“Effective communication is 20% what you know and 80% how you feel about what you know.”
Think communication and we think relationships and within a corporate environment, communication is obviously the key to every aspect of what we do.
In addition key stakeholders buy, collaborate or are influenced by us,only if they are comfortable with the way we come across personally and professionally.
And in an age of organisational diversity and product parity, no one needs to endure excessive tension in professional relationships.
However, ask employees about the challenges they face in their workplace and most often communication issues are right up there, close to the top of the list.
In many instances, communication is seen from the communicators perspective, but what about the perspective of the listener?

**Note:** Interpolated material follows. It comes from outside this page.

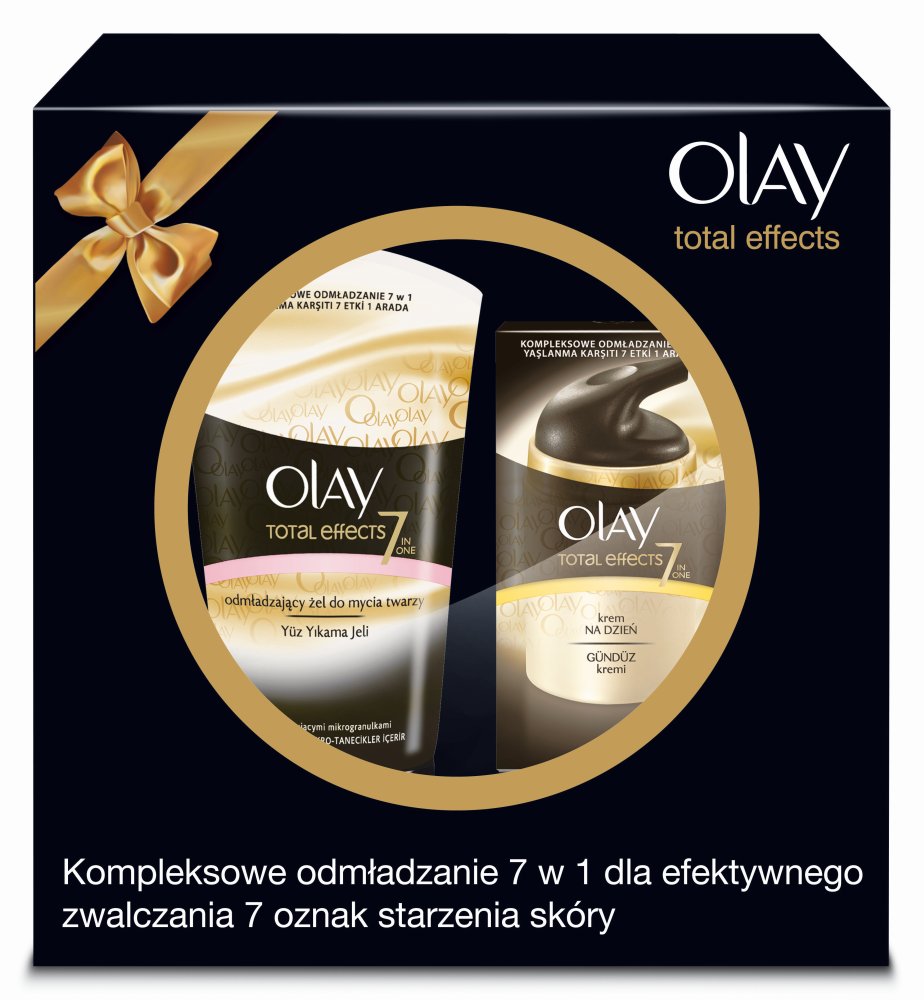 ZESTAW_3_OLAY_Total_Effects_krem_na_dzein_zel_do_mycia_twarzy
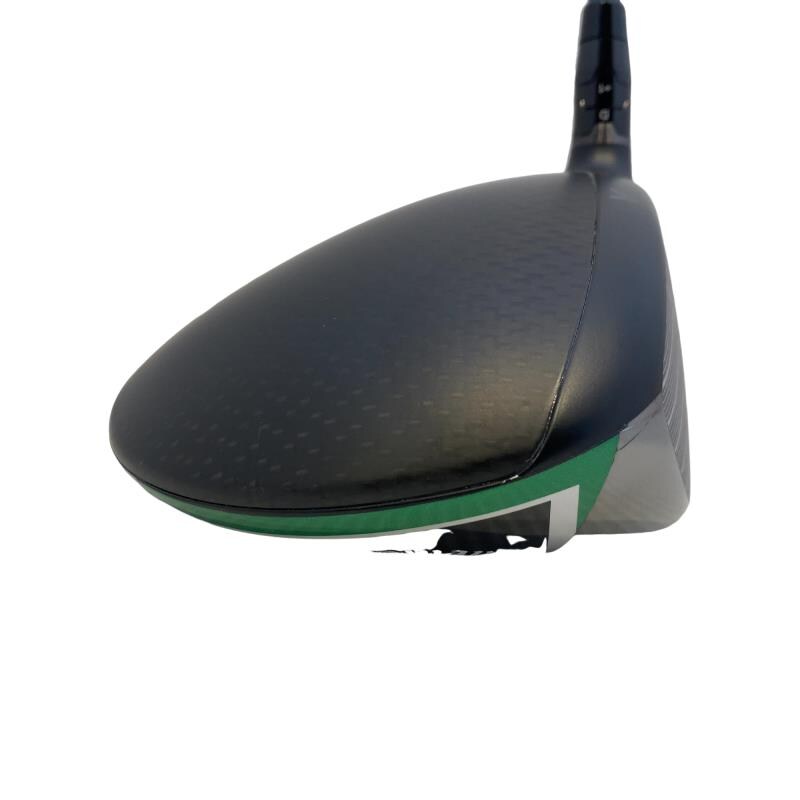 �d�k�x�s�d�@�P�O�D�T°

The listeners’ needs and frame of reference also need to form part of the interpreted message if we are to better understand how and why people respond as they do.
It is from this perspective that we need to consider that effective communication is 20% what we know and 80% how we feel about what we know.

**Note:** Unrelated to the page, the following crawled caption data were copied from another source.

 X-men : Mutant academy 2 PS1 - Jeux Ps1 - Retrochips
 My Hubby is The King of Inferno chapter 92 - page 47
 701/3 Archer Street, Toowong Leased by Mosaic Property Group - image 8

Many communicators believe they are using the “communicate for action” style when in reality they are merely giving a “convincing” or “informing” message which results in a disconnect between themselves and the people they are speaking with. Avoid this disconnect and miscommunication by determining what you want from your listener, their desired response and apply these three steps as a start to more effective and engaging communication.
The spoken word belongs half to him who speaks and half to him who listens
Telling versus communicating: When telling, the others perspective is ignored and this more often than not, leads to disengagement, limited interest, desire and commitment, usually with unsatisfactory outcomes. To avoid disengagement, consider the response before presenting the message. Messages need to be positioned within the context of how the outcomes can benefit the listener rather than yourself.
Communicate meaning don’t just talk
Understand the listener’s perspective: In order to present the messages in a way that will encourage listeners to engage and interact, provide relevant background and define the desired action by emphasising the benefit for the listener thus facilitating the engagement process.
Provide message context and purpose
Importance of message consistency: Always present a perspective on why the communication is important. Be clear on the action desired while plainly stating the benefit of taking the suggested action with every message. Implementing this will clear up miscommunication, allowing others to understand what action is needed and why it is important. When communicating effectively, we must accept that we all have different ways in which we perceive the world, use this understanding as a guide to how best to communicate, engage and interact with others.
Employees with effective engagement skills are better equipped to listen actively and understand and learn from others, navigate conflict and influence others, achieve individual and team goals, demonstrate flexibility in adapting to the interpersonal styles of others and connect with people of different cultures. To get ahead it helps to get along, and the underpinning of getting along and building strong relationships, is engaging communication.